Baroque, what about:
Bach - a two-part invention (would be a serious challenge/push -- be sure to learn hands separately fluently before putting them together)
Or Handel, Sarabande from Harpsichord Suite no. 4 in D minor. Less of a challenge but quite beautiful and a good first set of variations on the popular baroque "La folia" tune
Or Bach, one of the Little Preludes BWV 925-930, also easier than the inventions

20th-21st:
Bartok, one of the "Hommage" pieces from Mikrokosmos book 3, or anything else from mid to late in that book that catches your interest
Arvo Part, Fur Alina, a beautiful and deceptively simple piece
Robert Starer, one of the Sketches in Color (more of a challenge)

If you love the romantic era then you might look at Burgmuller Op. 109 "18 Characteristic Studies" for exercises -- they are short and tuneful pieces that present the same sorts of challenges you'll meet in romantic repertoire.

And make sure you're working on scales, chords and arpeggios.


----------



## Taggart

If you're up to the Rondo alla Turca, you could certainly do some of the Bach two parters say 1,2, 4 or 10. At about the same level are the Gavottes from French Suites 5 and 6. Moving up a level two part 5, 6 and 7 are good. Then try the gavottes from English Suite 6.

Some of Greig Opus 38 is about this level and very nice. Liszt's Consolations are also quite nice.


----------



## tonystanton

Thanks guys, I really can't wait to start playing some Bach, I think that might have to wait until I'm a little better at reading and understanding the scores though. 
I've started looking at the burgmuller études though which are fantastic, started practicing the 1st and it's exactly what I need so thank you so much for that!


----------



## hreichgott

you're welcome!


----------



## Taggart

Have fun. characters


----------



## tonystanton

*not the first, the second.


----------



## Turangalîla

If you want some exercises to practice, I would look at Dohnanyi's.
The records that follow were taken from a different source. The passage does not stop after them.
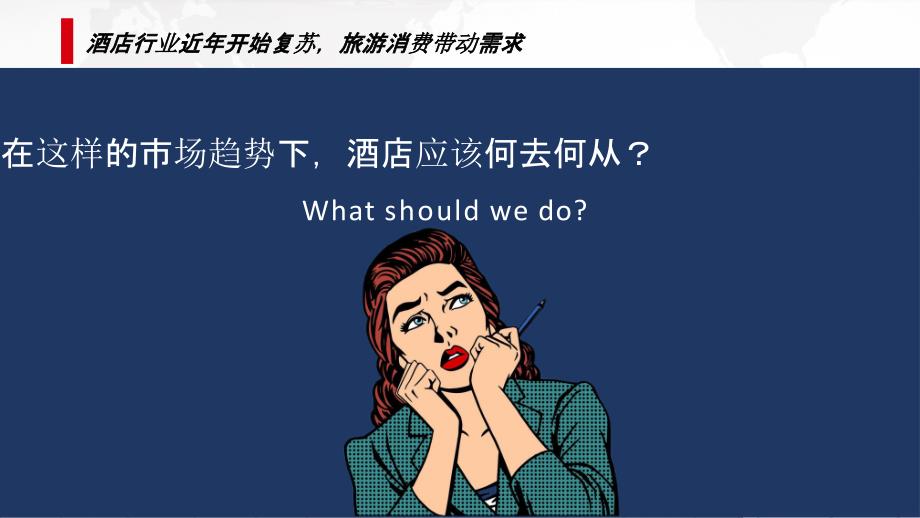 智慧酒店信息化建设技术解决方案课件.pptx_第3页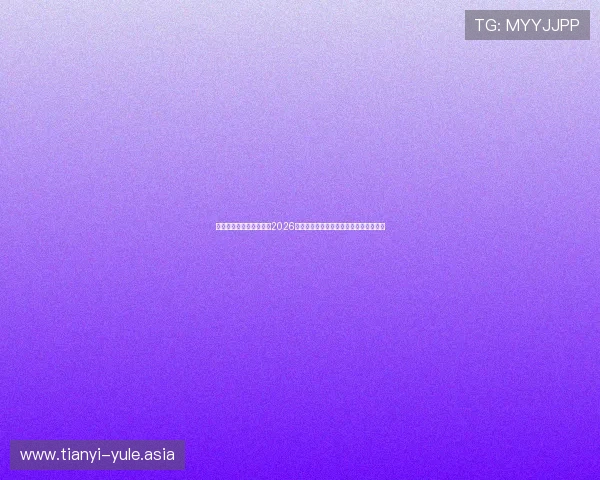 球探体育官网：深入报道2026世界杯热门球队战术分析与明星球员表现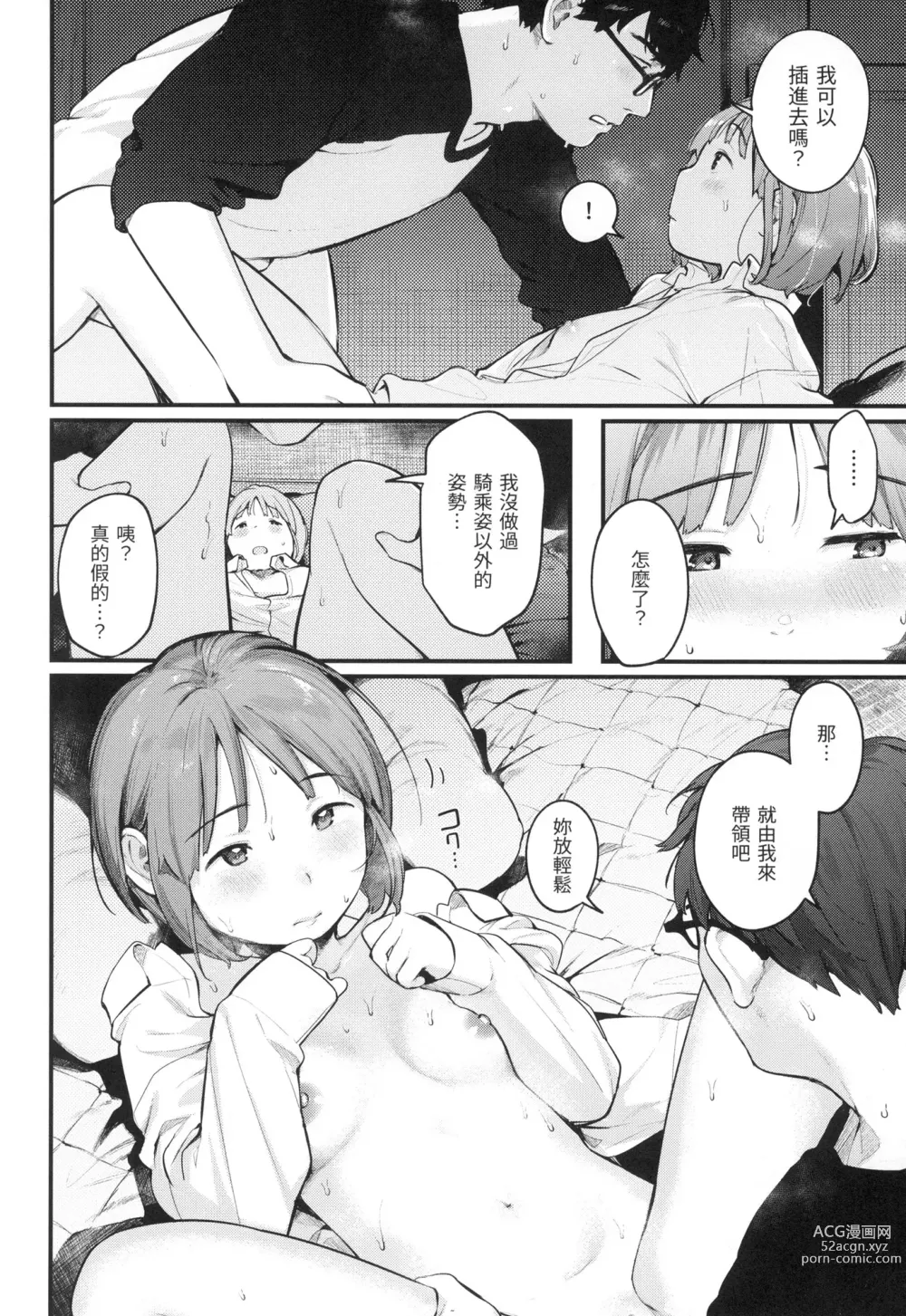 Page 15 of manga 外帶回家 (decensored)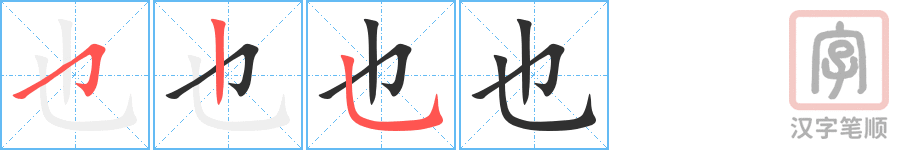 《也》的笔顺分步演示（一笔一画写字）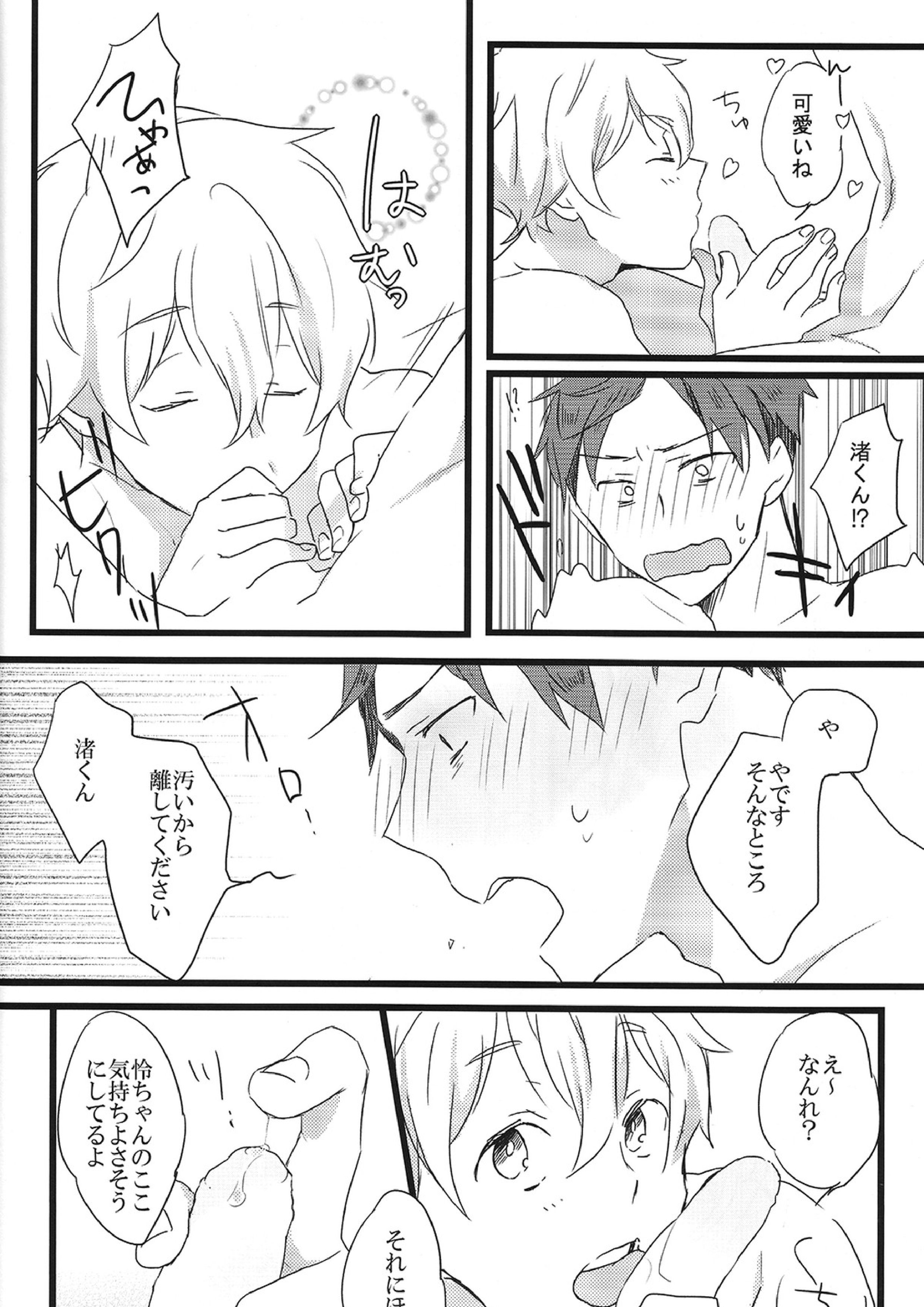 LOVE ME LOVE YOU 9ページ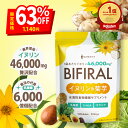 【スーパーセール限定 最大63%OFF+ポイント10倍】 ビフィラル イヌリン & 菊芋 30日分 高濃度イヌリン 46,000mg 贅沢配合 水溶性 食物繊維 乳酸菌 6,000億個 ビフィズス菌 ナットウキナーゼ ラクトフェリン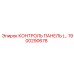 1900290678 КОНТРОЛЬ ПАНЕЛЬ Epiroc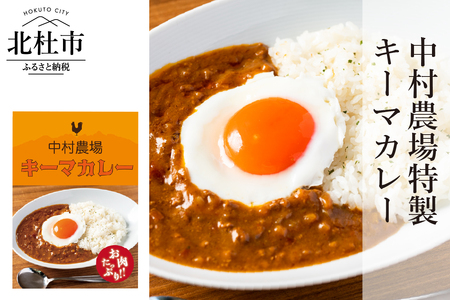 中村農場　特製キーマカレー5食セット [h024]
They are torturous but they work wonders. You seem like you're at a good level to start them.


----------



## hreichgott

Hi CarterJohnson, what's the title on those exercises? I'm always interested in looking at new-to-me stuff since I teach.


----------



## Turangalîla

Hi Heather, I do not own the book, but my teacher copied it for me, and the English title is "Essential Finger Exercises for obtaining a sure piano technique". (The Hungarian one begins "A legfontosabb ujjgyakorlatok...".) If you get an early advanced student practicing them a few times a week for a period of a couple of years their finger independence will be second-to-none!


----------



## Taggart

Have you seen the Geoffrey Tankard? This one is up to intermediate level and there's another one which goes up to concert level.


----------



## Taggart

There's a list of pieces here based on the abrsm grades. Interestingly, the Alla Turca and the Chopin Am is given at grade 6 hence my original suggestions but there is a lot there to look at. You should find something you like.


----------